Cheapness, argues Ellen Shell, the author of Cheap: The High Cost of Discount Culture, has ruined just about everything. Main streets, with knowledgeable clerks and friendly service, have been decimated by discount stores like Wal-Mart staffed with employees who neither know their store’s stock, nor particularly care. Customer service has all but disappeared (ever noticed that sign at the entrance of IKEA that reads, “No One Will Bother You”?). Local restaurants that want to serve up fine, fresh food struggle to compete with the all-you-can-eat shrimpfest at Red Lobster (where the shrimp is decidedly NOT fresh, since it was hauled in from a chemical-laden Taiwanese shrimp farm).

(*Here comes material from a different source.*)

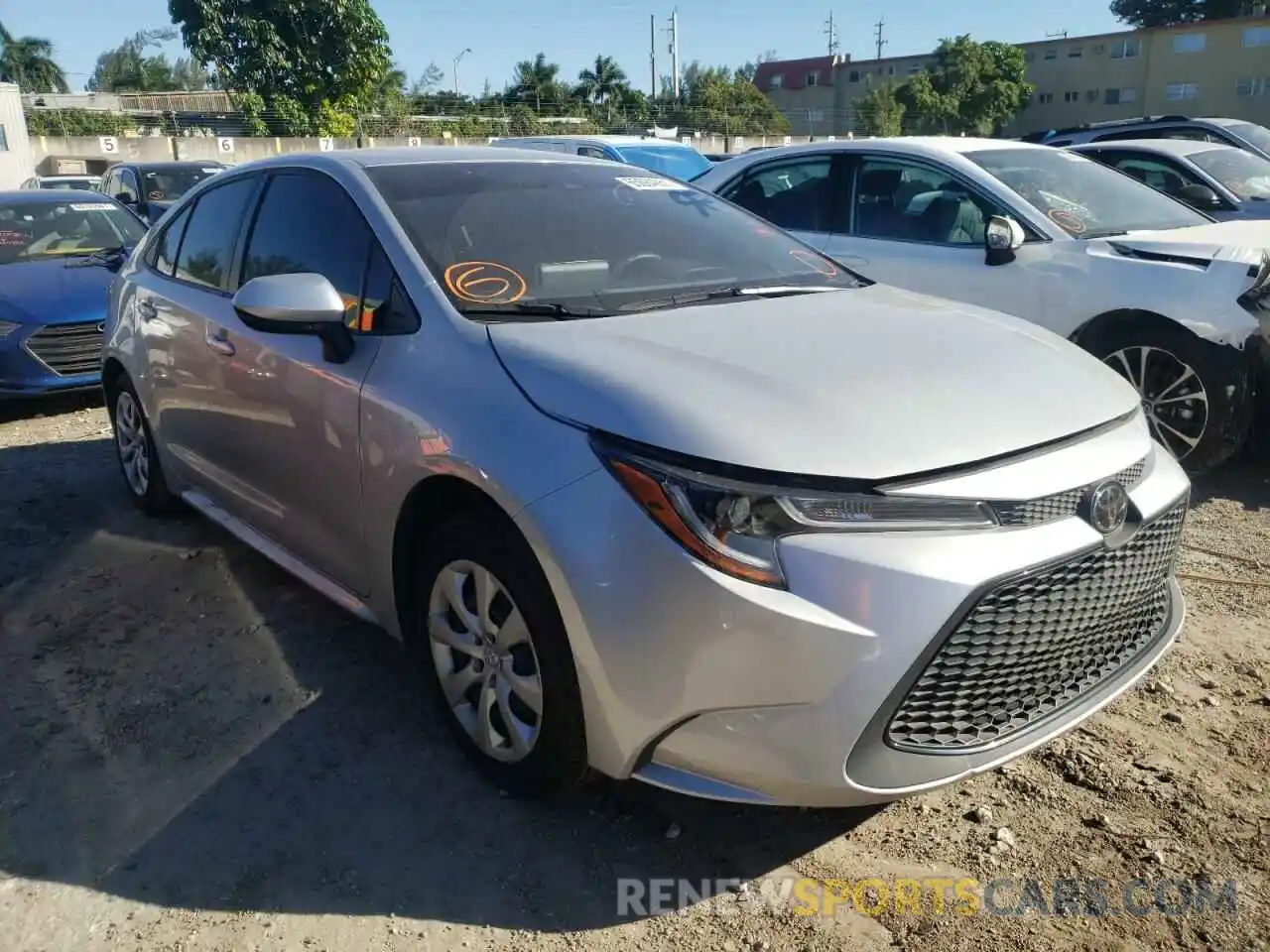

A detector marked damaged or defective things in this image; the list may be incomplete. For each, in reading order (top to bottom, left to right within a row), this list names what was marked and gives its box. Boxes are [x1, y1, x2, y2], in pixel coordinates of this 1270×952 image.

damaged white car [696, 137, 1270, 474]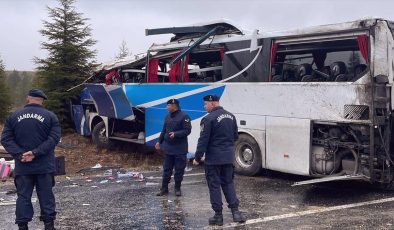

Sadly, in too many of our nation’s neighborhoods, you no longer have the option of being able to walk down the street to a locally owned, locally operated store whose proprietor has tailored his or her selection to the needs of the community; those stores have closed, leaving us no choice but to hop into our cars, waste untold time in traffic jams, and join the herds at BJ’s.

But in Jacksonville’s historic urban communities, we’re incredibly lucky. We still have the luxury of choice. We’re surrounded by cool stores and independent boutiques and funky galleries. We’ve got some of the city’s best restaurants and our pick of eclectic bars and breweries. We’ve got corner bakeries and terrific butchers and neighborhood bike shops and bookstores where the owners actually know a thing or two about books. And yet most of us still jump into our cars and head to the big box stores. Why?

Because we think they’re cheaper? Because we’ll have more stock to choose from? Because it’s more convenient to buy everything in one place?

That’s what we tell ourselves, but it’s a false dichotomy. If you can see past the bright, inviting graphics and clean aisles that sets a Target apart from, say, a K-Mart, you’ll realize that every big box store in every city carries the same exact stuff, the vast majority of it made  in factories overseas where cheap labor working in sweatshop conditions is used to produce mountains of disposable junk. And while you may indeed be able to get everything on your shopping list in one stop, you’re certainly not getting the best price. “WalMart actually has higher-than-average prices on about one third of the stock it carries,” Shell notes in her book. At the big discount stores, most discounts are applied to everyday necessities, like toothpaste and lettuce; brand-name clothing and appliances may be no bargain at all.

In our quest for cheap, we’re paying a very high price. We’ve traded homemade for foreign-made, individuality for homogeneity, and diversity for uniformity. (As Roger Price, author of The Great Roob Revolution said “If everybody doesn’t want it, nobody gets it.”) We’re also slowly strangling our local economies, creating vacant storefronts, and paving over our precious green space for another asphalt road to the outlet malls.

So, how do we get wean ourselves off the cheapness drug? Shell insists we have to kick the habit ourselves: “We can set our own standard for quality and stick to it. We can demand to know the true costs of what we buy . . .. We can enforce sustainability, minimize disposability, and insist on transparency. We can rekindle our acquaintance with craftsmanship. We can choose to buy or not, choose to bargain or not, and choose to follow our hearts or not, unencumbered by the anxiety that someone somewhere is getting a ‘better deal.”

Here in Jacksonville, it’s never been easier to kick the cheapness habit. Just choose to GoLO.

(Hat tip to Mark Frauenfelder at BoingBoing, from which this post was adapted.)